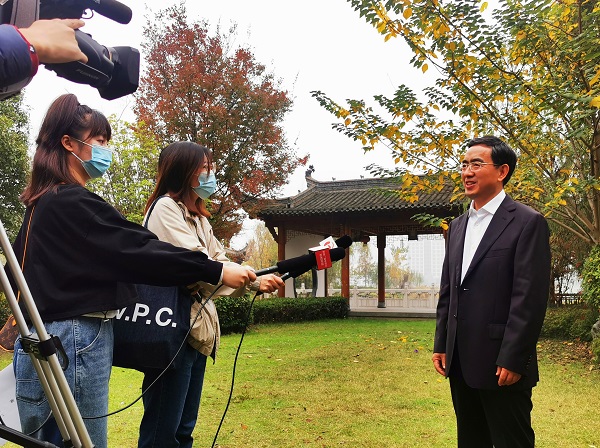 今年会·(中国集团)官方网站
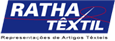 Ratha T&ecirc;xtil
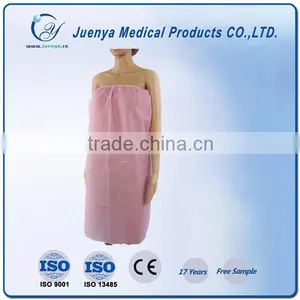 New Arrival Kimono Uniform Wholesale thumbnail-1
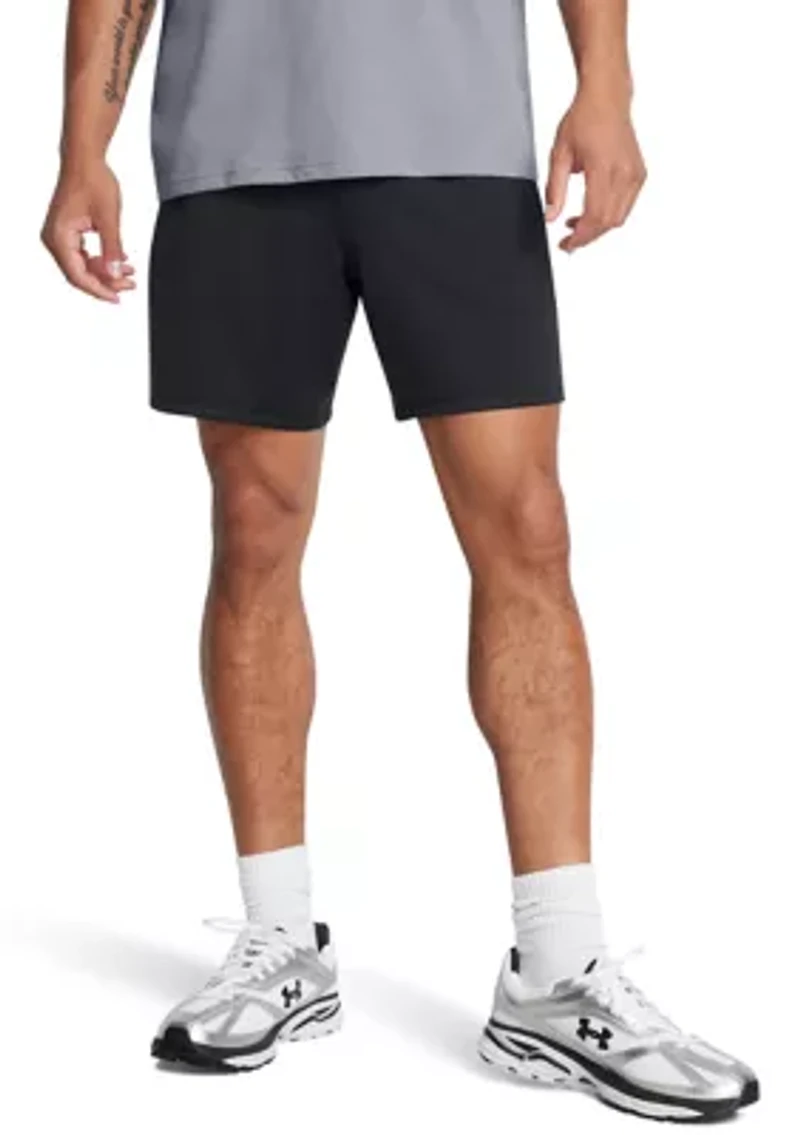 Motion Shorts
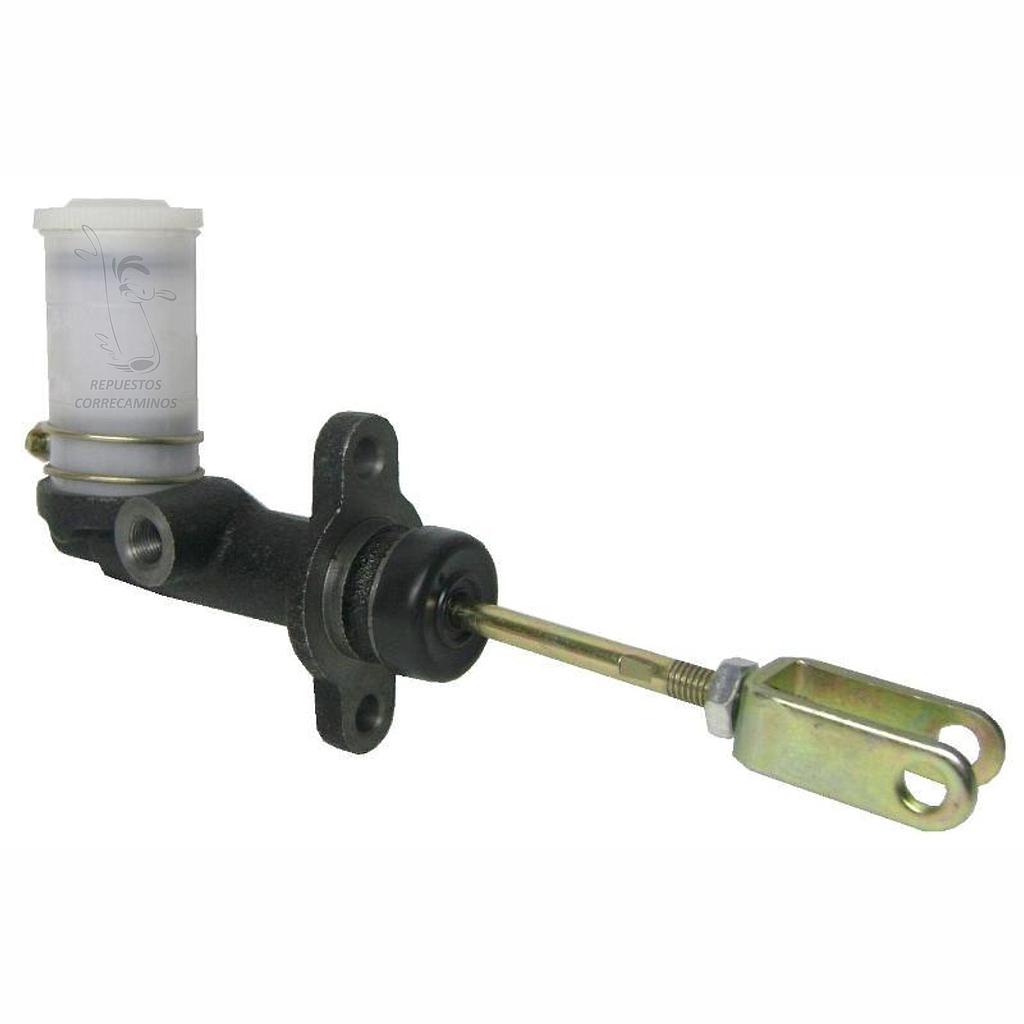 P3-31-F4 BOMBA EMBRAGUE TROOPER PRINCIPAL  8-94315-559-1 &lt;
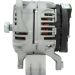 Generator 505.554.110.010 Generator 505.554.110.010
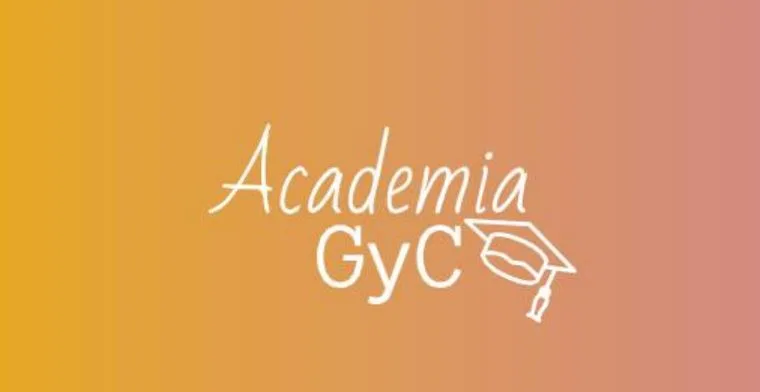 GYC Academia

## EXERCISE AIM
Quote exactly, and only, the lines from the line containing "Ratha T&ecirc;xtil" through the final line of the records above, both included, omitting any pictures.

## REPLY TO THE EXERCISE
 Ratha T&ecirc;xtil
 New Arrival Kimono Uniform Wholesale thumbnail-1
 Motion Shorts
 P3-31-F4 BOMBA EMBRAGUE TROOPER PRINCIPAL  8-94315-559-1 &lt;
 Generator 505.554.110.010 Generator 505.554.110.010
 GYC Academia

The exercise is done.